Fresh off their latest encounter and with just three weeks left in the race, the candidates fan out in all directions Wednesday to pitch their tuned-up messages directly to voters on some of the campaign’s most treasured turf: Romney in Virginia, Obama in Iowa. Vice President Joe Biden is westward bound for Colorado and Nevada; GOP running mate Paul Ryan returns to all-important Ohio.
It was a re-energized Obama who showed up for Tuesday’s town hall-style debate at Hofstra University, lifting the spirits of Democrats who felt let down by the president’s limp performance in the candidates’ first encounter two weeks ago.
But Romney knew what was coming and didn’t give an inch, pressing his case even when the arguments deteriorated into did-not, did-too rejoinders that couldn’t have done much to clarify the choice for undecided voters.
Tuesday’s debate was the third installment in what amounts to a four-week-long reality TV series for Campaign 2012. Romney was the clear victor in the series debut, Biden aggressively counterpunched in the next-up vice presidential debate, and the latest faceoff featured two competitors determined to give no quarter.
It was a pushy, interruption-filled encounter filled with charges and countercharges that the other guy wasn’t telling the truth.
The season closer is coming up quickly: a foreign policy faceoff Monday at Lynn University in Boca Raton, Fla.
Romney, brimming with confidence, distilled the essence of his campaign message early in Tuesday’s 90-minute debate and repeated it often.
“I know what it takes to get this economy going,” he said over and over.

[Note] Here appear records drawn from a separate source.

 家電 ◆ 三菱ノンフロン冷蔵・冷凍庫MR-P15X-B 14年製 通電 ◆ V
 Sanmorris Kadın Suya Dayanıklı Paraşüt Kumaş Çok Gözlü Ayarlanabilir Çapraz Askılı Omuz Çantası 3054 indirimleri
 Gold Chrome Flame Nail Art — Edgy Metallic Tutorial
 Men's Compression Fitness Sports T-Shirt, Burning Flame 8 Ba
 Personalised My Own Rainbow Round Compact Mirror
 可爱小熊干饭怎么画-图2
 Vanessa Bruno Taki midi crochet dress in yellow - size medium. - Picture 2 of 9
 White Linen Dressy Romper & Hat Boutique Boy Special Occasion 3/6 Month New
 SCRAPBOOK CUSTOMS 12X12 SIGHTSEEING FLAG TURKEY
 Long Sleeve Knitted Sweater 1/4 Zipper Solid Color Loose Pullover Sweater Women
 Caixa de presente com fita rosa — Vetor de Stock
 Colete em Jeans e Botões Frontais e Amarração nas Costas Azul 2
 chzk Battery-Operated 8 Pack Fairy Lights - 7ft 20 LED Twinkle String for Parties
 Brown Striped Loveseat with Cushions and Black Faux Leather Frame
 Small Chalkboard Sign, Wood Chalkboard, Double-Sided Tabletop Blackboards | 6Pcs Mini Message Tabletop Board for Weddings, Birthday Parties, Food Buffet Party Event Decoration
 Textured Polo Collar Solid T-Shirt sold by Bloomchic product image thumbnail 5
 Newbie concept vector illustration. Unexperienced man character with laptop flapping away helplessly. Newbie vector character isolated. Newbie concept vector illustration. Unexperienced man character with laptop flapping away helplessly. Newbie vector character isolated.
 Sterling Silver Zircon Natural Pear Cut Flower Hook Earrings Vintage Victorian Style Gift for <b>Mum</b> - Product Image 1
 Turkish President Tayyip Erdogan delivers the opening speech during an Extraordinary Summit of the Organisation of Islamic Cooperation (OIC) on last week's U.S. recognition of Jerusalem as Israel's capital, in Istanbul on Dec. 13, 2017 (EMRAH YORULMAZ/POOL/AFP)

And this: “We can do better.” And this: “We don’t have to settle for what we’re going through.”
Obama, with both the benefit and the burden of a record to run on, had a more nuanced message.
“The commitments I’ve made, I’ve kept,” he said. “And those that I haven’t been able to keep, it’s not for lack of trying and we’re going to get it done in a second term.”
Obama also was relentless in dismissing the merits of Romney’s policies and rejecting his characterizations of the president’s record.
“Governor Romney doesn’t have a five-point plan,” the president argued. “He has a one-point plan. And that plan is to make sure that folks at the top play by a different set of rules.”
The candidates were in each other’s faces — sometimes literally — before an audience of 82 uncommitted voters from New York. It’s a state that’s already a sure bet for Obama, but the voters there stood as proxy for millions of Americans across the nation still settling on a candidate.
“They spent a lot of time cutting down the other person,” said 22-year-old Joe Blizzard, who watched with a crowd of 500 students at the University of Cincinnati. “As someone who is undecided, it was a little disappointing.”
Fellow student Karim Aladmi, 21, was more forgiving. “It goes without saying that the knives were out,” he said. “I thought Obama had a strong performance, but Romney made him work for it. I was actually impressed by both sides.”